One thing I’ve realized lately is that scarcity is actually a benefit of ipv4, much in the way of the maximum amount of bitcoins theoretically increases their value.
Ipv4 addresses are being ranked by their reputation. This is a good thing, at least right now, as it makes scammers/spammers/hackers/ddosers lives more expensive to acquire fresh addresses. This can only exist when a shortage exists.
> This is a good thing, at least right now, as it makes scammers/spammers/hackers/ddosers lives more expensive to acquire fresh addresses. This can only exist when a shortage exists.
No it is not. More and more people share addresses so more people would be affected and it would just move the problem elsewhere.
You know that if everyone in the world wants to have a dedicated, unshared IPv4, it is mathematically impossible. Bragging about it is showing your privilege and sense of entitlement. What makes you special that you deserve a dedicated IPv4?
Not always though. Lower end VPS providers seem to be moving towards placing you on a shared /64. I run into issues on a particular Digital Ocean instance of mine where my IPv6 allocation is something like a /112 and it gets swept up in bans on the parent /64 because of other's bad behavior.

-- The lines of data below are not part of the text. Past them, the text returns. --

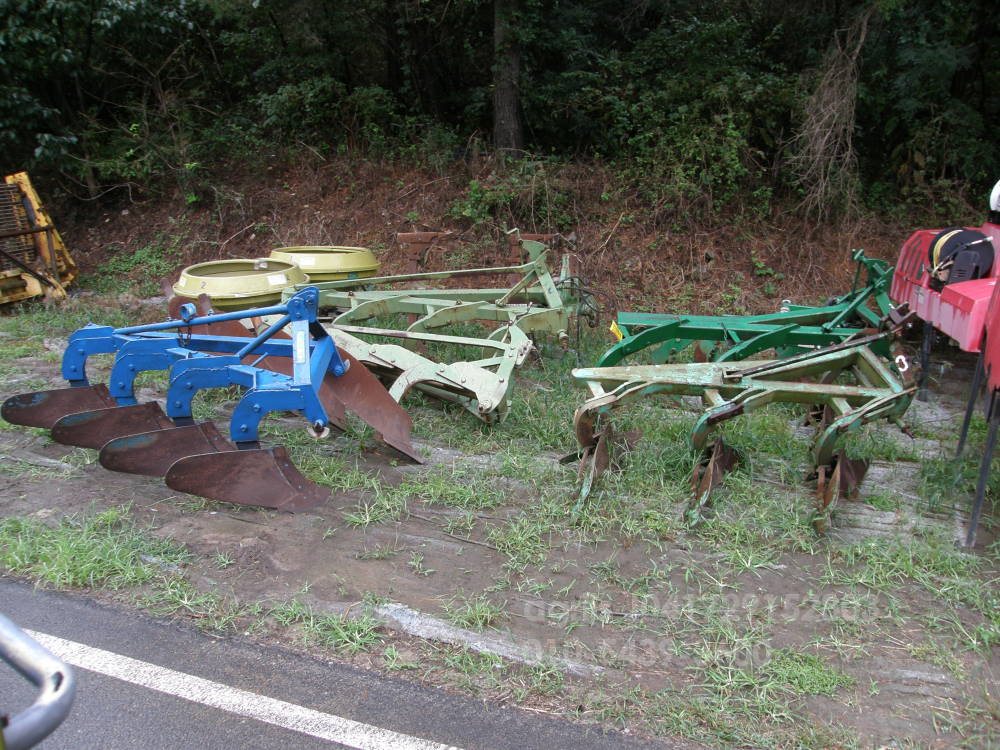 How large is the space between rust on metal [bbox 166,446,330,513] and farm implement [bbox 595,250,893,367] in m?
2.07

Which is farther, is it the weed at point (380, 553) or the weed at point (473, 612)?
the weed at point (380, 553)

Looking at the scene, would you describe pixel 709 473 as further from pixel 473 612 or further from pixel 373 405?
pixel 373 405

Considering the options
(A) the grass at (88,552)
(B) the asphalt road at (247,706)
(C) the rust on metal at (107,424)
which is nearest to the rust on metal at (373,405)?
(C) the rust on metal at (107,424)

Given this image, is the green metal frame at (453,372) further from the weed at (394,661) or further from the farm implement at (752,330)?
the weed at (394,661)

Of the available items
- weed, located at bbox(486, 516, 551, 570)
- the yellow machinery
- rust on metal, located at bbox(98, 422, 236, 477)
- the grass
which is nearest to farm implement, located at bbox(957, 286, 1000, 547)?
weed, located at bbox(486, 516, 551, 570)

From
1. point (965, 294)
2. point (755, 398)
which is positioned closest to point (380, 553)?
point (755, 398)

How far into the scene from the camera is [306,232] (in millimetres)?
9898

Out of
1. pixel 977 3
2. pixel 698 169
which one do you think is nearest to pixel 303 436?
pixel 698 169

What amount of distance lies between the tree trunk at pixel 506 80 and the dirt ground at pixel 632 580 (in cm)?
576

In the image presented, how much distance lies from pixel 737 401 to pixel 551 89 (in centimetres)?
766

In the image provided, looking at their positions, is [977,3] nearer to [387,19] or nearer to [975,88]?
[975,88]

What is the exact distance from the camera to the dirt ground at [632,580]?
2.43 metres

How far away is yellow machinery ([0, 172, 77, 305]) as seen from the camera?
7871 millimetres

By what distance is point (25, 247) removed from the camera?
821 cm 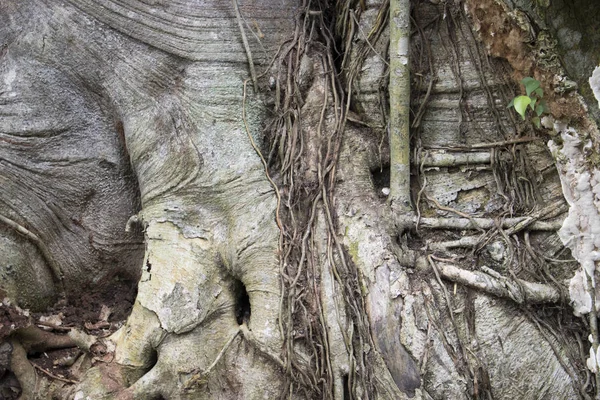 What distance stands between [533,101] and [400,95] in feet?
1.83

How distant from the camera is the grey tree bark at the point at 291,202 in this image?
7.55ft

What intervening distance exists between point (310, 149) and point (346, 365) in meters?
1.02

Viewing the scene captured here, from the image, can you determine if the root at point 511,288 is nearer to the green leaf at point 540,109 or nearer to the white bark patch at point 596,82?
the green leaf at point 540,109

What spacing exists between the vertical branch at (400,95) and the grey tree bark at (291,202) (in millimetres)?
38

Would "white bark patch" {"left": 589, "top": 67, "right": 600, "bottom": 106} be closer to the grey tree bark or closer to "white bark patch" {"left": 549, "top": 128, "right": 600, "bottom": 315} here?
the grey tree bark

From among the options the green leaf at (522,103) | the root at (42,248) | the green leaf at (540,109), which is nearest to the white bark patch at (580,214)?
the green leaf at (540,109)

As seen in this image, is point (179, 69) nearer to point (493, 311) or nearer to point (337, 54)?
point (337, 54)

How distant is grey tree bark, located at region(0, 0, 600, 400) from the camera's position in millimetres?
2303

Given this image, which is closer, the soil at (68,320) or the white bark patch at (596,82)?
the white bark patch at (596,82)

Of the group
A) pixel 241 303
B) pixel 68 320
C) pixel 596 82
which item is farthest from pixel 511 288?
pixel 68 320

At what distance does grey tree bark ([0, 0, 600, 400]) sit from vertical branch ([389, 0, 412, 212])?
38 mm

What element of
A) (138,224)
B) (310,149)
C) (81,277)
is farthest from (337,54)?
(81,277)

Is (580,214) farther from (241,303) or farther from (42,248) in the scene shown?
(42,248)

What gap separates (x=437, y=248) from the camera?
2490 mm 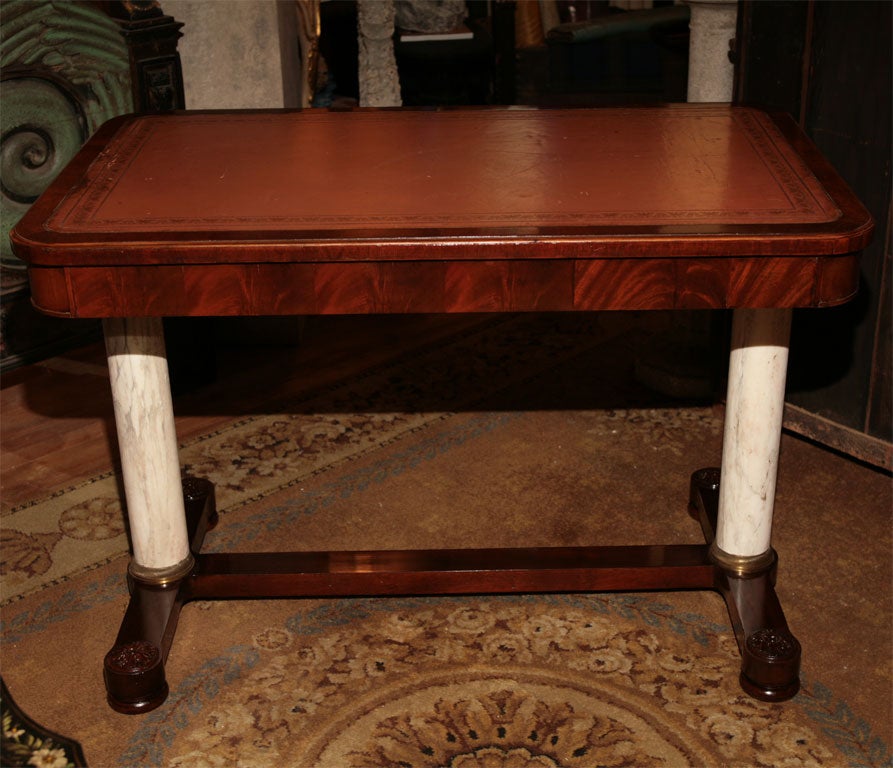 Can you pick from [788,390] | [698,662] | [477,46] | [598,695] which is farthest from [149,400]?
[477,46]

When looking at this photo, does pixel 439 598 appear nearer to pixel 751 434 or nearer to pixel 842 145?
pixel 751 434

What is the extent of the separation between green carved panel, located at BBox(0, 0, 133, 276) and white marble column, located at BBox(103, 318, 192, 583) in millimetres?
1793

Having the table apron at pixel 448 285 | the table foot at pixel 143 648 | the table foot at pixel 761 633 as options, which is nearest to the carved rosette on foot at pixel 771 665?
the table foot at pixel 761 633

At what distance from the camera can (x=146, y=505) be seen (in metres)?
2.81

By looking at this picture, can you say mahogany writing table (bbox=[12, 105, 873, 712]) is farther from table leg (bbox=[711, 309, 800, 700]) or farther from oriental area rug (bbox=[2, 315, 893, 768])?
oriental area rug (bbox=[2, 315, 893, 768])

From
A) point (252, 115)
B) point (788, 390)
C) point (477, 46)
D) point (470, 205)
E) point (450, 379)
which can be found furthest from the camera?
point (477, 46)

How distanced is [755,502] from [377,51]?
4.45m

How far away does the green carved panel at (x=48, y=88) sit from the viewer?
4008 millimetres

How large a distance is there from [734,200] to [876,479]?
1.51 meters

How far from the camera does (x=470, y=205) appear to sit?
243cm

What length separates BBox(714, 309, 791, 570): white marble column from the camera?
104 inches

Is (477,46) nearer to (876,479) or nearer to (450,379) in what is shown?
(450,379)

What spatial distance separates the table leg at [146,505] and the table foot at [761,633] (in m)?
1.30

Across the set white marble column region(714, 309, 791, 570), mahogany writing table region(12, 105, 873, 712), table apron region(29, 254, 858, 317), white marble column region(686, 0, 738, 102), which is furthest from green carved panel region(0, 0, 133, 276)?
white marble column region(714, 309, 791, 570) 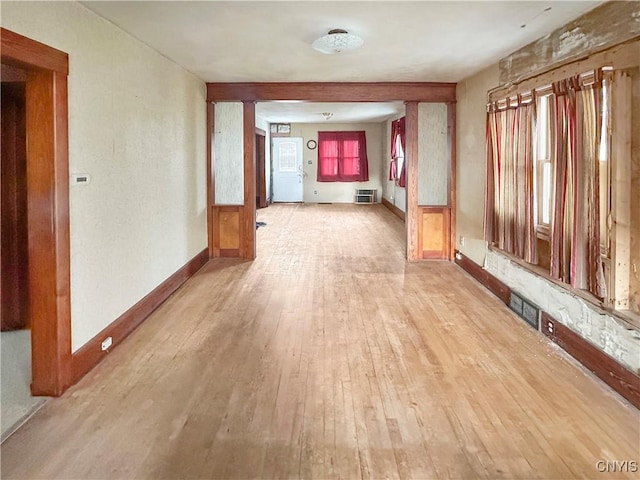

Then you have other providers like Vultr that do weird things like not statically route your /64 prefix to your instance which kind of defeats the entire point of having a /64.
Digital Ocean has been in the wrong with their IPv6 allocation since the day the implemented it. One of the rules of IPv6 is never allocate less than a /64. Unfortunately their network admins don't seem to care.
Ipv4 addresses are being ranked by their reputation. This is a good thing, at least right now, as it makes scammers/spammers/hackers/ddosers lives more expensive to acquire fresh addresses. This can only exist when a shortage exists.